What you have to do
Omit all pictures. Copy exactly the lines from the line containing "a white building" to the end of the listing, with both ends included.

Top of Information shown

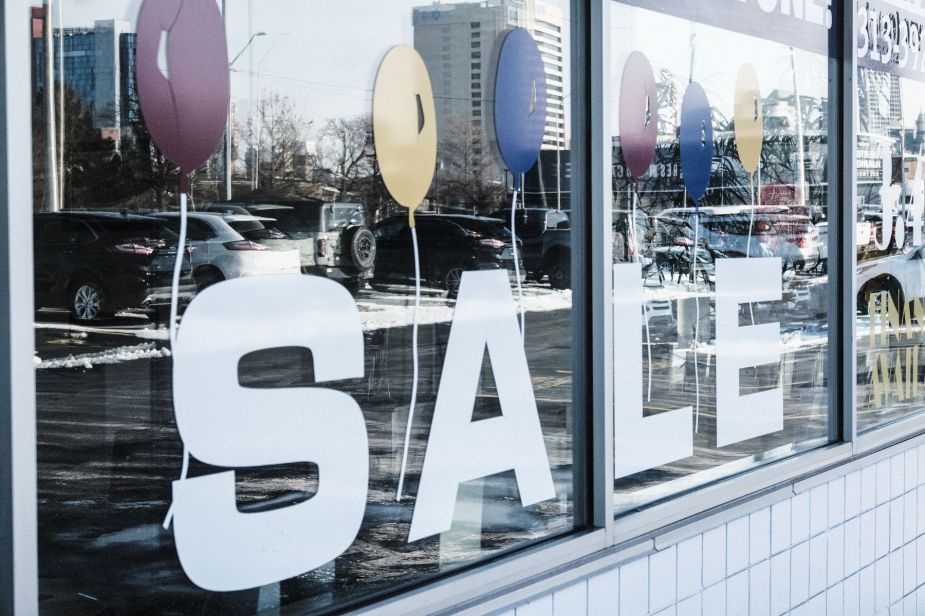 A 'SALE' used car dealership window sign and reflection of models on the lot in Detroit, Michigan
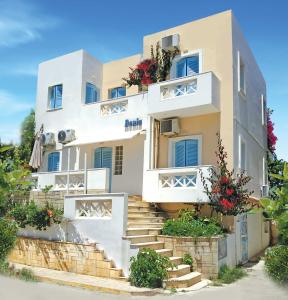 a white building with stairs in front of it at Renia Studios in Agia Pelagia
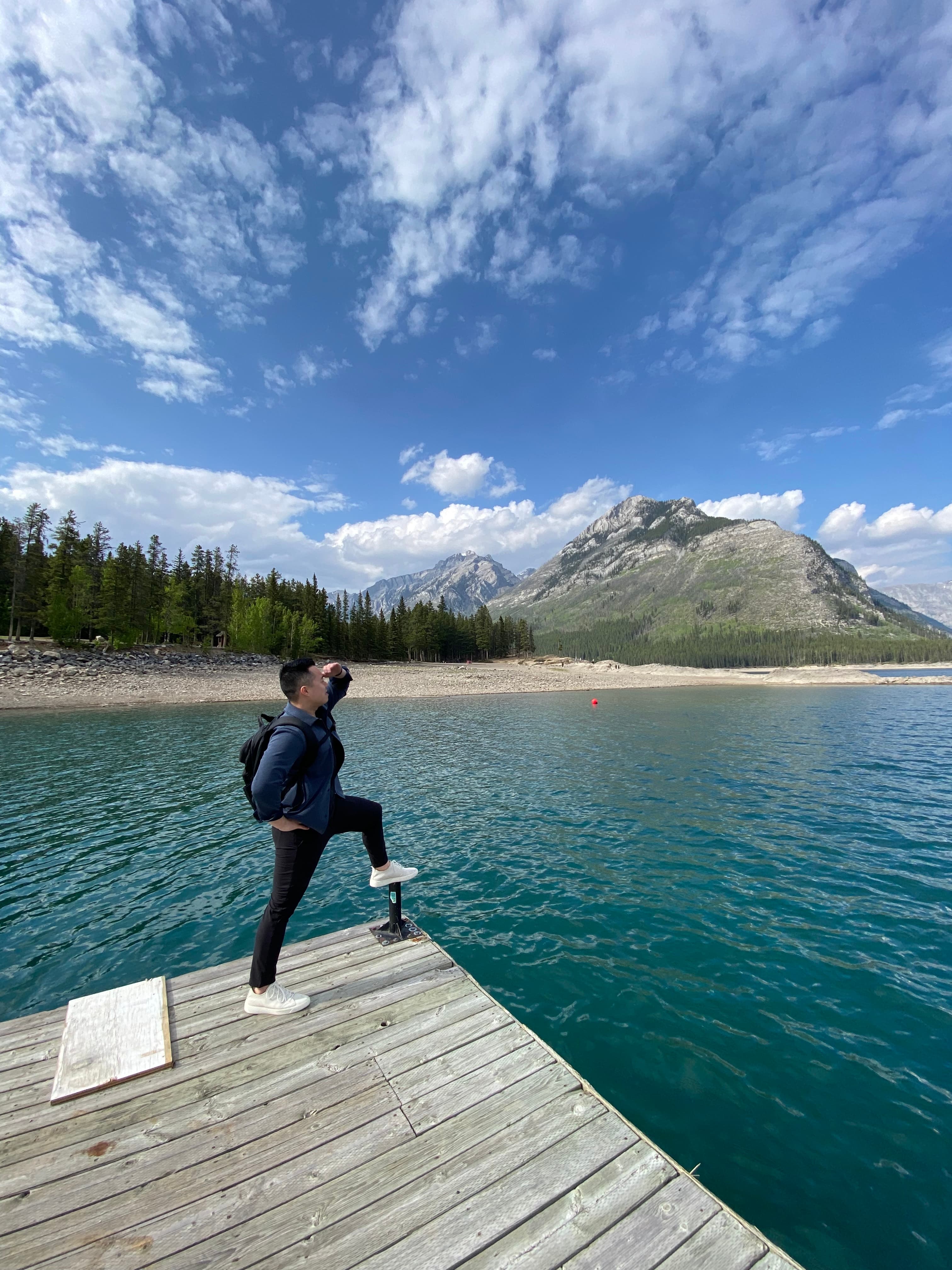 Michael Lee looking out over a mountain lake in Banff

Bottom of Information shown

Solution for this exercise
 a white building with stairs in front of it at Renia Studios in Agia Pelagia
 Michael Lee looking out over a mountain lake in Banff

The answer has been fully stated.